◆ AVAILABLE DATA:

Segment Open

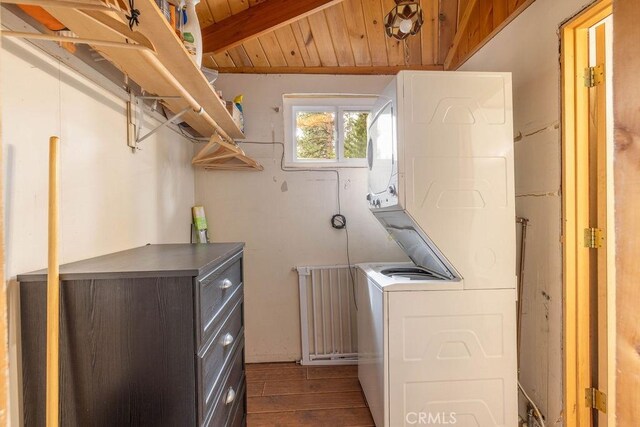 43387 Sheephorn Rd, Big Bear Lake, CA 92315 - washroom featuring stacked washer and clothes dryer, dark wood finished floors, and wooden ceiling
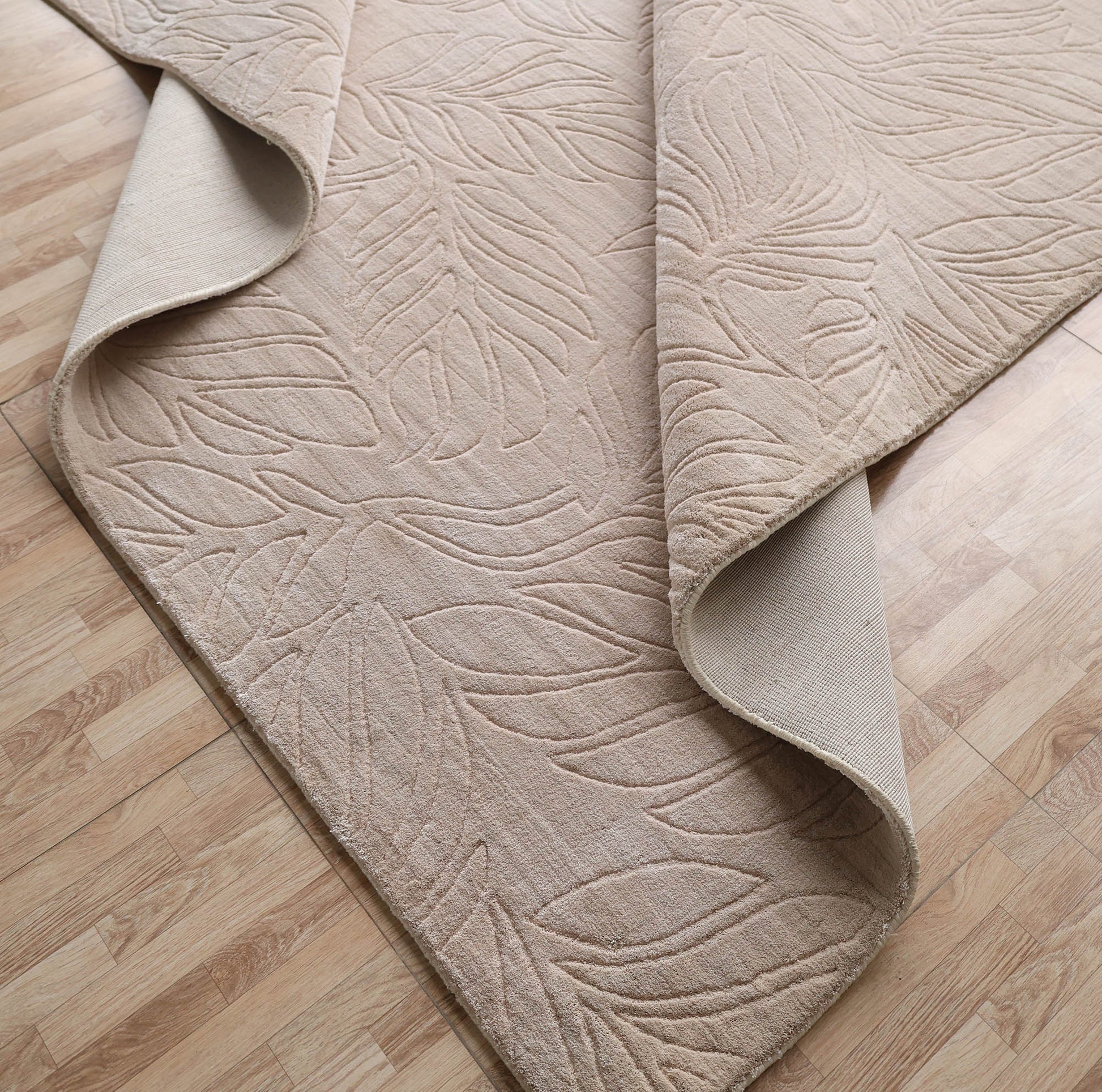 The RAMSHA HOME Nature Leaf Handmade Contemporary Rug (250x350 cm, LKH-048) features a neutral ivory tone with a subtle leaf pattern, shown partially folded on a light wood floor to display its textured top and plain underside.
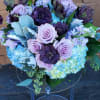 Lavender roses and deep purple blooms arranged with blue hydrangeas in a rounded bouquet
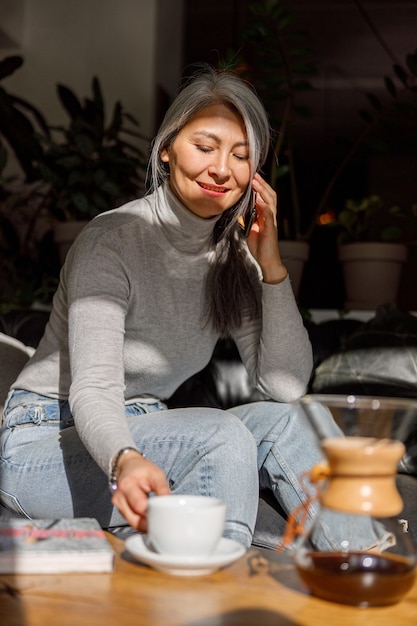 Retrato de estilo de vida de mulher elegante de cabelos claros maduros em café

Segment Closed

◆ WORK TO BE COMPLETED: Write out, word for word, the lines running from the one containing "Lavender roses and" to the end of the data above; the pictures are to be left out.

◆ RESULT BELOW:
 Lavender roses and deep purple blooms arranged with blue hydrangeas in a rounded bouquet
 Retrato de estilo de vida de mulher elegante de cabelos claros maduros em café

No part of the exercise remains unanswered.